Step 1: bit-reverse the input order. Step 2: iterate stages s = 1, 2, …, log₂N. For each stage, butterfly stride = 2^s, twiddle = exp(−2πj·k/(2^s)) for k=0…stride/2−1. Update pairs (a, b) → (a+W·b, a−W·b) in place.
5 Theory · scipy.fft in Practice Easy

Frequency Axis Calculation

A physiological sensor records a signal at $f_s = 250$ Hz with N = 500 samples. (a) What is the frequency resolution (Hz per bin)? (b) What bin index corresponds to 50 Hz (power-line interference)? (c) After zero-padding to 2000 samples, what is the new bin width? (d) Does zero-padding help resolve two tones at 49.8 Hz and 50.2 Hz? Explain why or why not.

Δf = fs/N. Bin k = f/Δf. True resolution requires a longer signal: to resolve 0.4 Hz separation you need at least T = 1/0.4 = 2.5 seconds = 625 samples at 250 Hz.
6 Code · scipy.fft in Practice Medium

Multi-Tone Spectrum Detector

Synthesise a signal at $f_s = 8000$ Hz containing three tones: 330 Hz (E4), 440 Hz (A4), and 550 Hz (C#5), each for 0.5 seconds. Use scipy.fft.fft to compute the one-sided magnitude spectrum. Find the three dominant frequency bins using scipy.signal.find_peaks with a minimum distance of 50 bins and print the detected frequencies. Plot the magnitude spectrum from 0–1000 Hz.

N = int(0.5 * 8000) = 4000 samples. After fft, keep first N//2 bins.
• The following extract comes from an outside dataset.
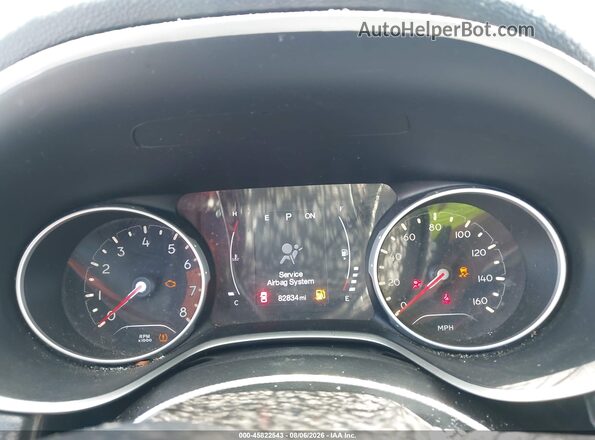 3C4NJCBB1JT469394 2018 JEEP COMPASS Gray Vista de los asientos traseros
Use fftfreq(N, 1/fs)[:N//2] for the axis. find_peaks(magnitude, distance=50) returns peak indices; convert to Hz by freqs[peak_idx].
7 Synthesis · Theory: FFT Complexity Derivation Hard

Prove the O(N log N) Operation Count

Let $C(N)$ be the number of complex multiplications for an N-point radix-2 FFT. (a) Write the recurrence relation: splitting into two N/2-point FFTs plus N/2 butterfly muls. (b) Solve the recurrence to show $C(N) = (N/2)\log_2 N$. (c) For N = 1024, compute both $N^2$ and $(N/2)\log_2 N$ and express the speedup ratio as an integer. (d) Explain why the FFT speedup grows with N and what this means architecturally for choosing hardware.
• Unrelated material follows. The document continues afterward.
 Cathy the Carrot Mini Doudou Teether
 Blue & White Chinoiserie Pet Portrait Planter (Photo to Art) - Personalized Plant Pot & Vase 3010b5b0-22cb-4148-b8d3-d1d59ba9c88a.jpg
Recurrence: C(N) = 2·C(N/2) + N/2. Unroll: after k levels, C(N) = N/2·k + 2^k·C(N/2^k). Base case C(1)=0. After k=log₂N levels: C(N) = (N/2)·log₂N.
8 Synthesis · Code: Spectrum Analyser Pipeline Hard

Build a Real-Time Spectrum Analyser

Build a complete spectrum analyser function spectrum_analyser(fs, duration=1.0, n_fft=2048) that: (1) synthesises a "mystery" signal combining a 261 Hz tone (C4), a 329 Hz tone (E4), and a 392 Hz tone (G4) — forming a C major chord; (2) applies a Hann window (scipy.signal.windows.hann) to reduce spectral leakage; (3) computes the FFT and one-sided magnitude spectrum; (4) detects peaks and prints the identified chord tones; (5) plots the magnitude spectrum from 100–600 Hz with peak markers. Compare results with and without the window function — which approach gives sharper peaks?

Apply window before FFT: x_windowed = x * hann(len(x)). Scale the magnitude by 2/sum(window) to compensate for the amplitude reduction. Use find_peaks with height=0.1 (relative threshold) to detect the three chord tones.